Murderers' Row by Dan Andriacco

Murderers' Row by Dan Andriacco

Author:Dan Andriacco
Language: eng
Format: epub
Tags: amateur sleuth, McCabe and Cody, modern sherlock holmes mystery, short story collection, Barbados, Hackleston's Cliff, murder, St Valentine's Day, wedding, Caribbean, Bajans, digital camera, panorama shots, Independence Day, parade, insulin, library, hypnosis, magician, Issue One, baseball, fireworks, Erin, hidden cameras, electronic surveillance, blackmailing, performance-enhancing drugs, gamma-Butyrolactone, guns
ISBN: 9781787056077
Publisher: Andrews UK
Published: 2020-09-08T00:00:00+00:00


IX

My own phone rang a few minutes later while we were on the road, if you consider the Indiana Jones theme song a ring. It was Lesley Saylor-Mackie, SBU’s executive vice president and provost. If you don’t know what that title means, it means she’s my boss.

“You might want to batten down the hatches, Jeff,” she advised. “I just learned from Father Joe that the trustees are going to discuss an across-the-board tuition increase at their August board meeting.”

“That’s always a crowd pleaser. Well, at least we have time to work on messaging if they go through with it.” Not that any spinmeister could make that sound like good news.

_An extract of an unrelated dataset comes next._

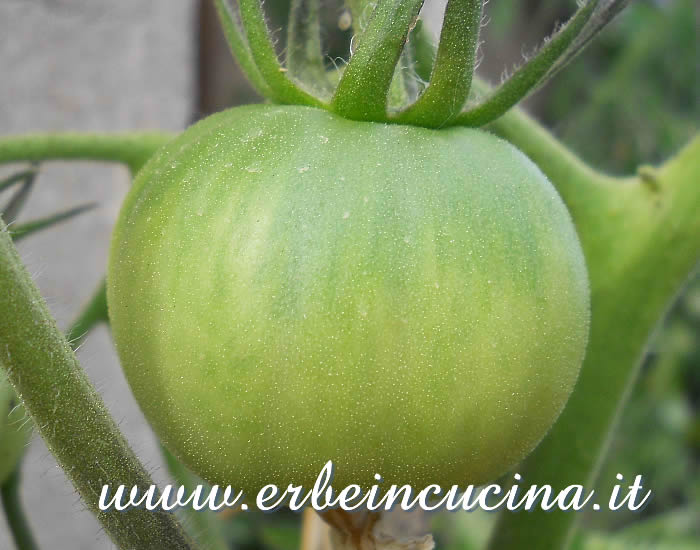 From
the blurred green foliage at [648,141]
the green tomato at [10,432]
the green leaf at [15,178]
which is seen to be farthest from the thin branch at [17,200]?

The best face on it might be something like St. Benignus University trustees have approved the first change in tuition for students since…

Saylor-Mackie checked on a couple of other irons she’d put into my fire in recent days, then disconnected. I mention this exchange to show you that a manager with a smartphone doesn’t have to be on-site to manage. So, I wasn’t really playing hooky that afternoon by tagging along with Sebastian McCabe in the Macmobile, a 1959 Chevy convertible the color of a fire engine and almost as big. We were on our way to see Roger Fleming.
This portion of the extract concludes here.